These are some of the problems that I encountered while installing and training a DeepMask model.
1. module coco not found
Install the lua coco package by following the steps mentioned below:
Clone coco repository:
git clone https://github.com/pdollar/coco
Under coco/ run the following command:
luarocks make LuaAPI/rocks/coco-scm-1.rockspec
2. T_END at character 1 when running th train.lua
You need to reinstall torch 7 with lua 5.2 version. There is a step-by-step guide which explains how to install torch with lua 5.2. on this link.
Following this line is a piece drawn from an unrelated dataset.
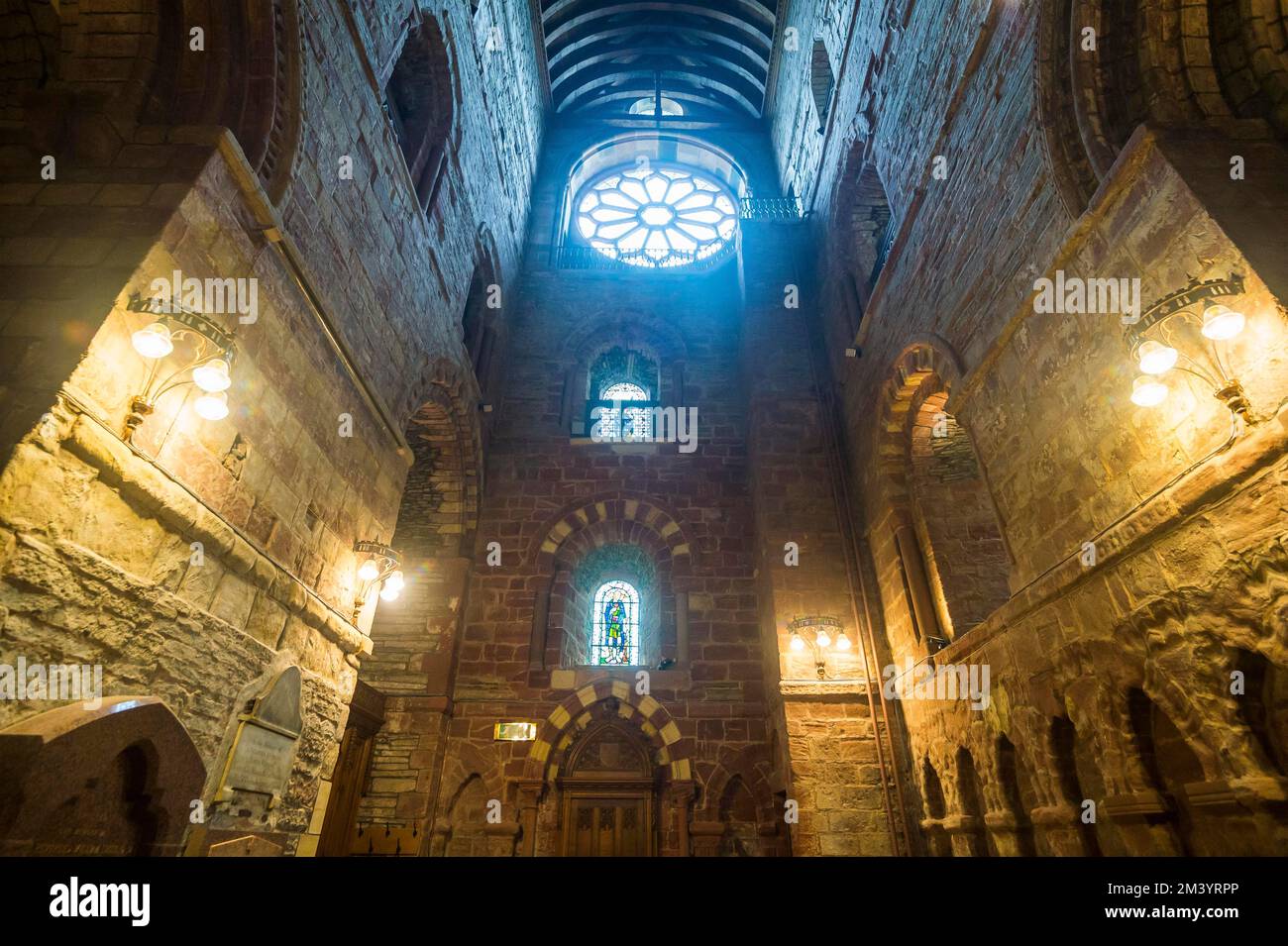 All'interno della Cattedrale di St Magnus, Kirkwall, Isole Orkney, Regno Unito Foto Stock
This solution will work fine if you are training DeepMask using resnet model otherwise it could result in another error given below:
3. Failed to load function from bytecode: binary string: not a precompiled chunkWarning: Failed to load function from bytecode
You can resolve this problem by running the train.lua command with luajit instead of lua in following way:
luajit train.lua -dm /path/to/pretrained/deepmask
4. cannot open </pretrained/deepmask/model.t7> in mode r
This error was occurring while I was using the laujit version 2.0.5. You need to install luajit version 2.1.0 to resolve this issue.
You can install this by following the steps given below:
wget http://luajit.org/download/LuaJIT-2.1.0-beta3.tar.gz tar zxf LuaJIT-2.1.0-beta3.tar.gz make sudo make install
Add the path for luajit in your .bashrc. Usually Luajit is installed in this path:
5. DataSampler.lua:230: bad argument #3 to 'narrow'
Although I was able to convert my JSON files to t7 files correctly, while I was doing training I was getting this weird error after some initial epochs. After a lot of brainstorming I was able to resolve this problem by simply rounding off numbers in my annotation file.
6. DataSampler.lua:230: bad argument #2 to 'narrow'
This error was occuring because of presence of negative values in my segmentation key for some images. After resolving this error, I was able to run training correctly.
7. Bad argument # 2 to '?'
This was not a problem in my JSON file. I had only one category initially in my dataset, while in DeepMask, the number of categories is hardcoded to be 80. So I had to change this line of code to keep running the training correctly:
local cat,ann = torch.random(80)
Changing 80 to 1 resolved the issue.
8. Getting 'nan' as loss after few iterations, when training with custom dataset
It was because DeepMask uses default learning rate schedule. I solved this problem by changing my learning rate to 1e-06.